*** Excerpted records Section Begins ***

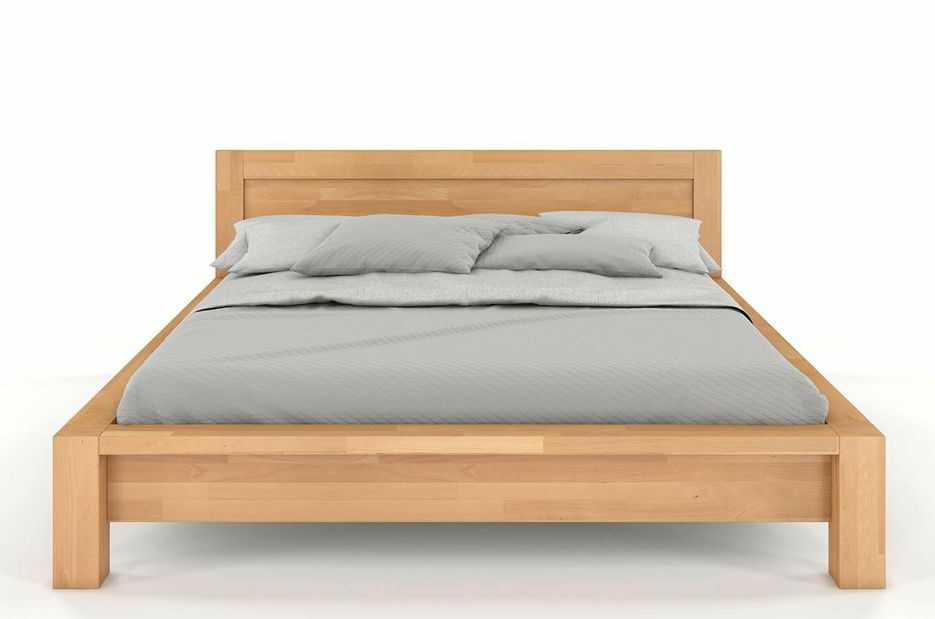 Manželská postel 200 cm Naturlig Fjaerland (buk)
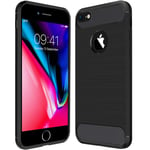 Protective Case For Apple iPhone 7 8 Phone Cover Bag Black Matte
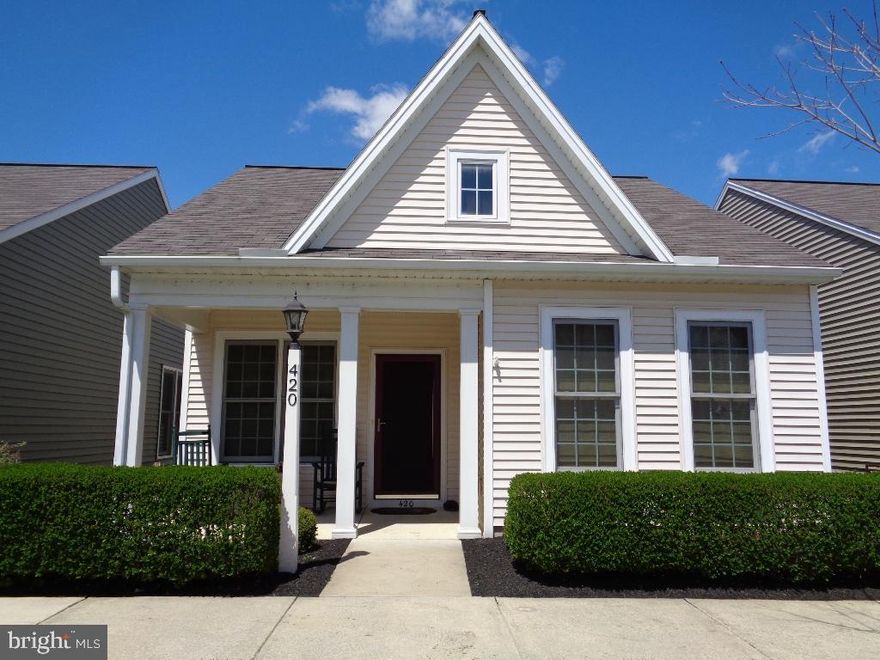 Ready to move into. Well maintained property. Upgraded appliances & window treatments included. Third BR is used as den/office. Open floor plan with LR gas fireplace. Cute fenced patio off dining area & nice front porch. Very appealing 55+community with walking trails & short distance to shops, dining & parks.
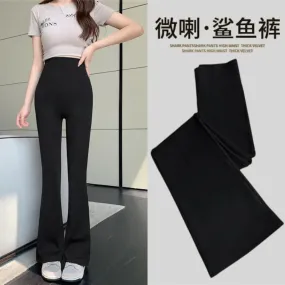 Women's High-Waist Flared Shark Leggings
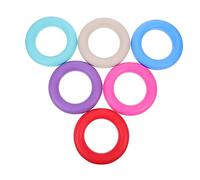 Uonlytech 6 piezas Soporte para Canillas de Silicona Organizador Portátil y Reutilizable Caja Práctica para Almacenamiento Seguro de de Hilo Colores Surtidos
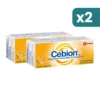 Cebion Arancia Integratore Vitamina C 2 confezioni da 10 Compresse Effervescenti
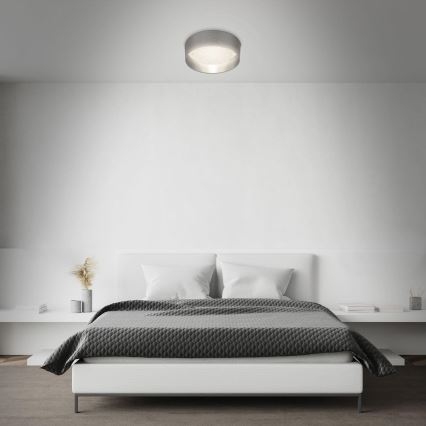 Briloner 3882-014 - LED Plafonjera MAILA STARRY LED/18W/230V sivo/srebrno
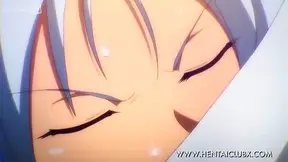 Lewd Anime Babes Clash in Sensual Leg-Lock Pleasure Battle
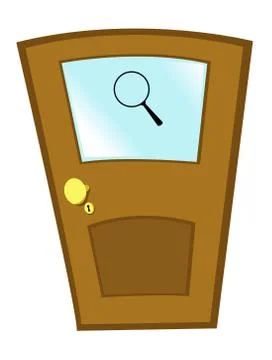 Investigator's door Stock Illustration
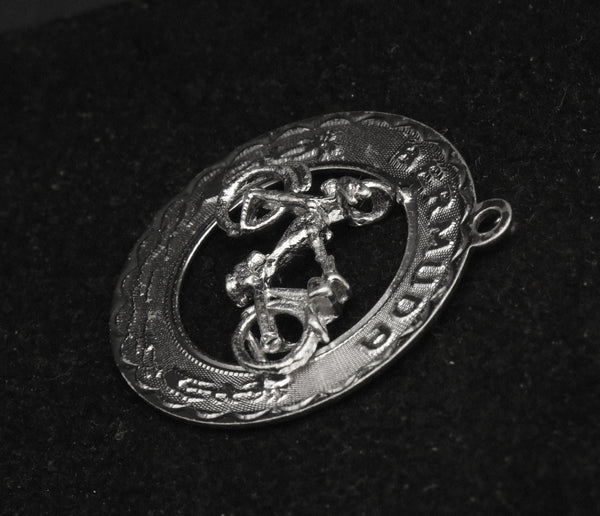 Vintage "Bermuda" Sterling Silver Motor Bike Charm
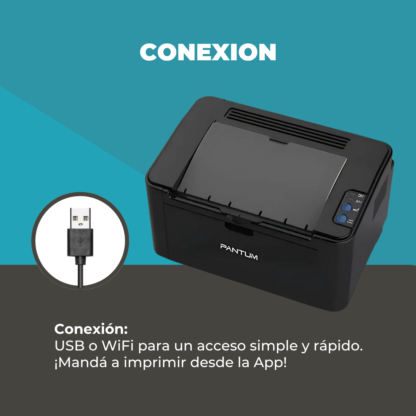 Impresora Pantum P2200W Monocromática Wifi - USB - Imagen 11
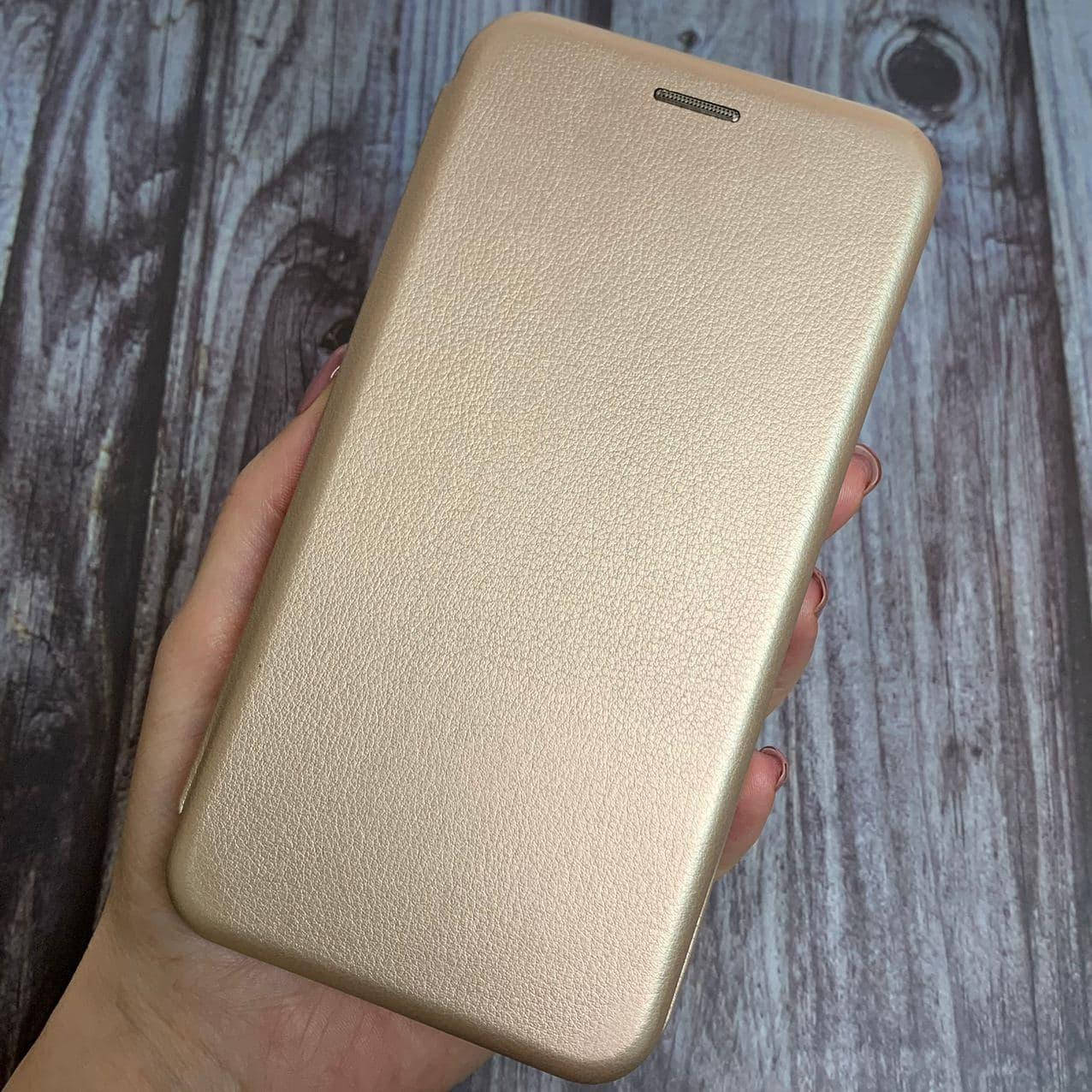 

Чехол книга для Xiaomi Redmi Note 4x с эко кожи с подставкой книжка на телефон сяоми нот 4х золотая STN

*** Excerpted records Section Ends ***

_Problem to work on_
Write out each entry exactly as given, omitting any picture.

_Answer_
 Manželská postel 200 cm Naturlig Fjaerland (buk)
 Protective Case For Apple iPhone 7 8 Phone Cover Bag Black Matte
 Ready to move into. Well maintained property. Upgraded appliances & window treatments included. Third BR is used as den/office. Open floor plan with LR gas fireplace. Cute fenced patio off dining area & nice front porch. Very appealing 55+community with walking trails & short distance to shops, dining & parks.
 Women's High-Waist Flared Shark Leggings
 Uonlytech 6 piezas Soporte para Canillas de Silicona Organizador Portátil y Reutilizable Caja Práctica para Almacenamiento Seguro de de Hilo Colores Surtidos
 Cebion Arancia Integratore Vitamina C 2 confezioni da 10 Compresse Effervescenti
 Briloner 3882-014 - LED Plafonjera MAILA STARRY LED/18W/230V sivo/srebrno
 Lewd Anime Babes Clash in Sensual Leg-Lock Pleasure Battle
 Investigator's door Stock Illustration
 Vintage "Bermuda" Sterling Silver Motor Bike Charm
 Impresora Pantum P2200W Monocromática Wifi - USB - Imagen 11

Чехол книга для Xiaomi Redmi Note 4x с эко кожи с подставкой книжка на телефон сяоми нот 4х золотая STN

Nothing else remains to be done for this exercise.